Uruguayan football referee (born 1993)

Anahí Fernández (born 28 July 1993) is a Uruguayan football referee. She has officiated at the international level under the auspices of FIFA and CONMEBOL and was selected as one of the officials for the 2023 FIFA Women's World Cup in Australia and New Zealand.

Fernández began her refereeing career in Uruguay and steadily rose through the ranks of domestic and regional football. She was listed as an international referee by FIFA, allowing her to officiate in international tournaments.
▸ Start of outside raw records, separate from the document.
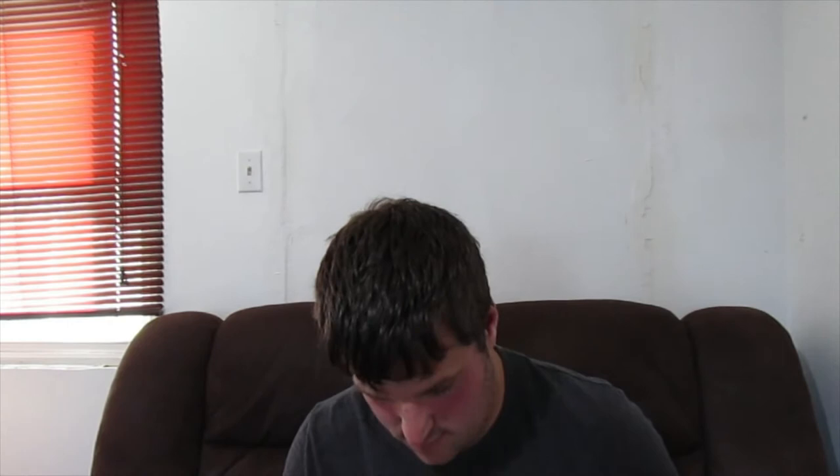First, we got Star Fox Command. I've never played this one before but looking forward to checking it out. There's the game.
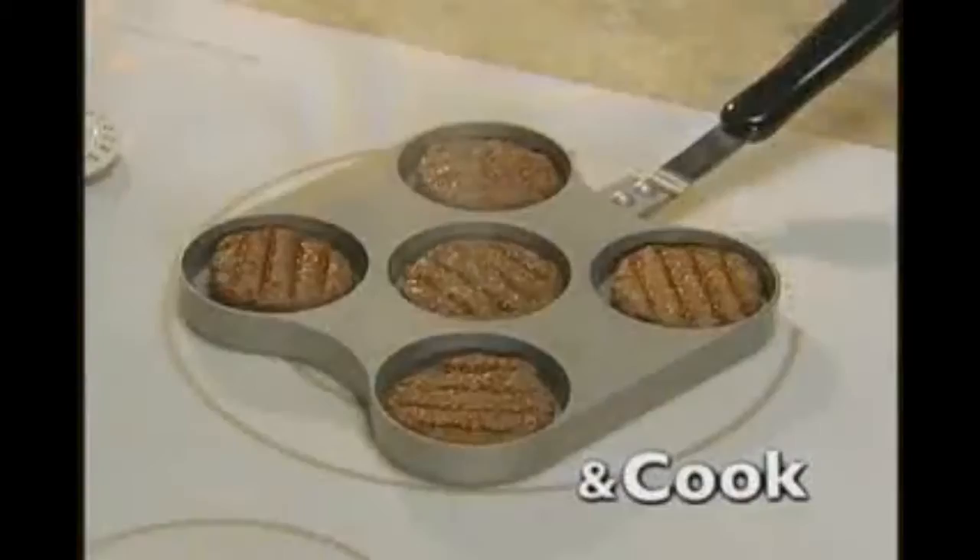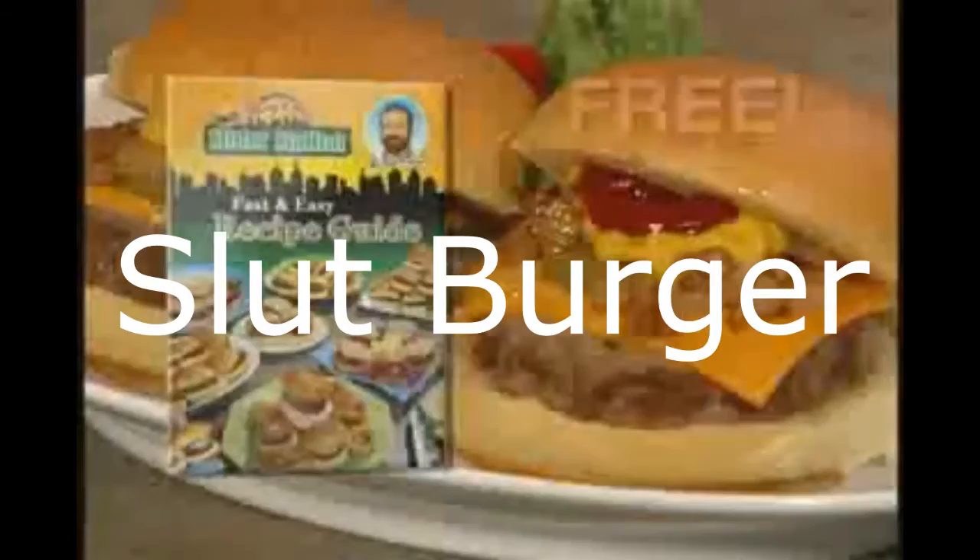Call now and receive the Big City Slider Station for just $19.99. We'll also include the slider recipe guide, loaded with my favorite creations like the Bacon and Cheddar, and the Original Slider Burger — free.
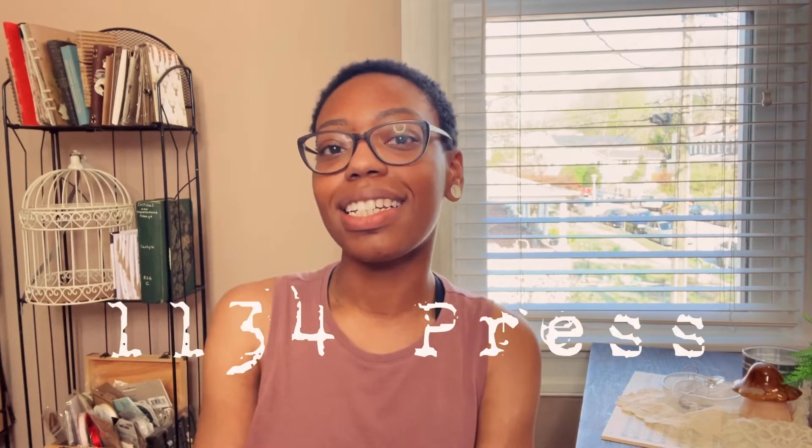Welcome back to our channel. My name is Brie from 1134 Press and today I'm going to show you six simple ways to create hidden pockets in your junk journals. This is a new series on our channel called Junk Journal Basics where I'll cover basic techniques to help you get started in making your own journals. So without further ado, let's get started.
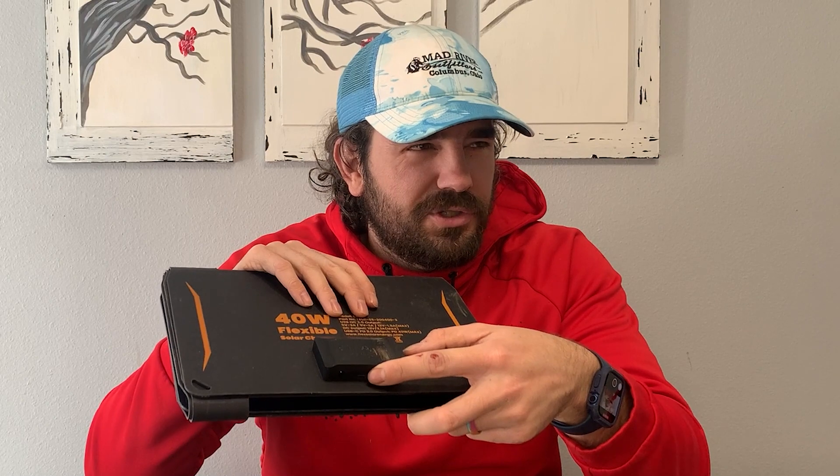All right, so we're back at home — let's talk a little bit more about what this thing has. On the back where your plug-ins are, it's got a standard USB and then USB Type-C, which is becoming the standard and it really should be. And then you have a DC output as well.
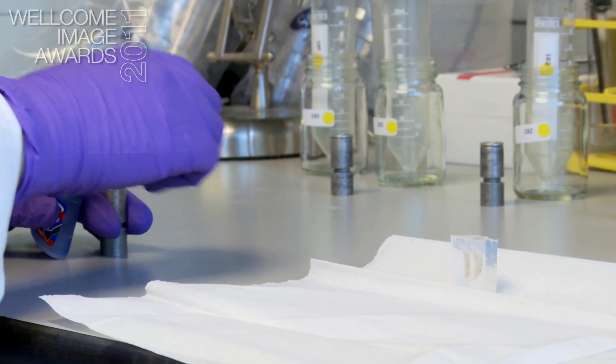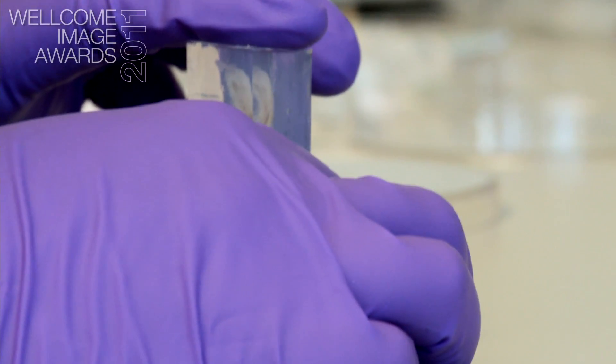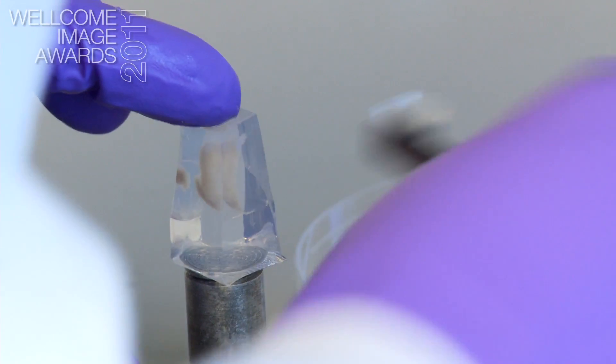Once the agarose has set, we can then take this little block and glue one end of the block onto a metal mount. We then cut it into a block and we then have to do this clearing process.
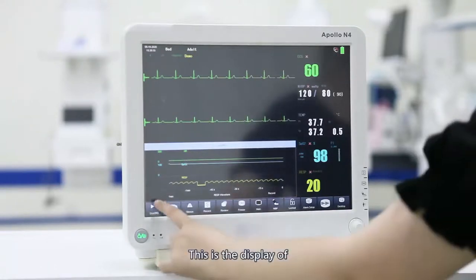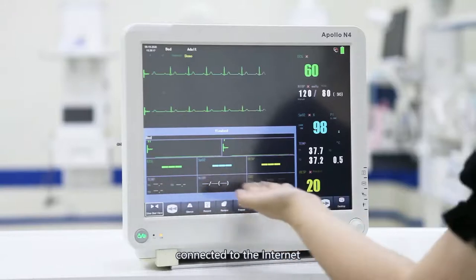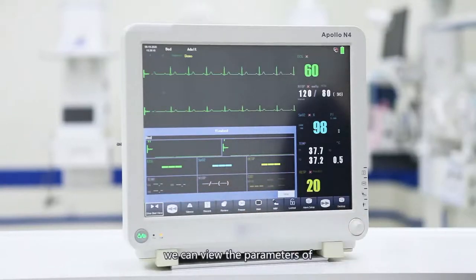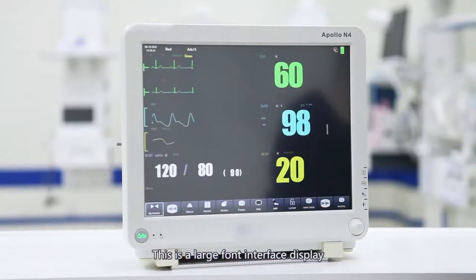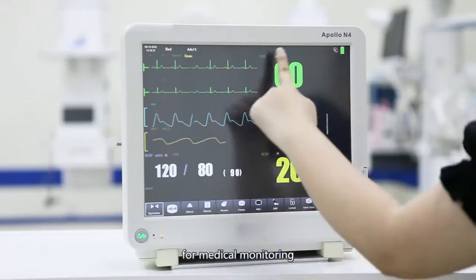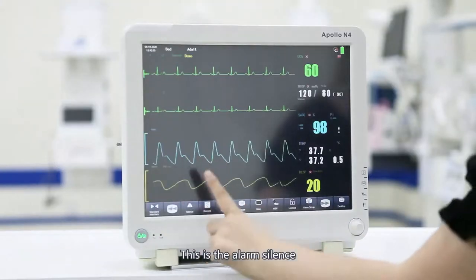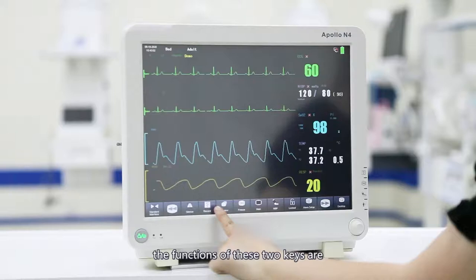This is the other bed observation interface display. If there are multiple devices in the department connected to the internet, we can view the parameters of bed monitoring through the network. This is a large font interface display where the main parameters are enlarged, which is convenient for medical monitoring. This is the alarm silence and this is the record key; the functions of those two keys are the same as the shortcut keys.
She gained experience in a number of CONMEBOL and FIFA competitions, including matches in the Copa Libertadores Femenina and international friendlies. She has overseen numerous international fixtures across various competitions, including youth and senior level matches for both men’s and women’s teams.

In 2023, Fernández was selected to officiate at the FIFA Women’s World Cup in Australia and New Zealand. She was one of the few South American referees included in the tournament's officiating pool, a distinction noted in media coverage of her appointment. Though she served primarily in supporting roles during the group stage, her participation represented a milestone for Uruguayan refereeing on the global stage.

Fernández has also officiated in South American women's competitions, including World Cup qualifying matches and continental tournaments.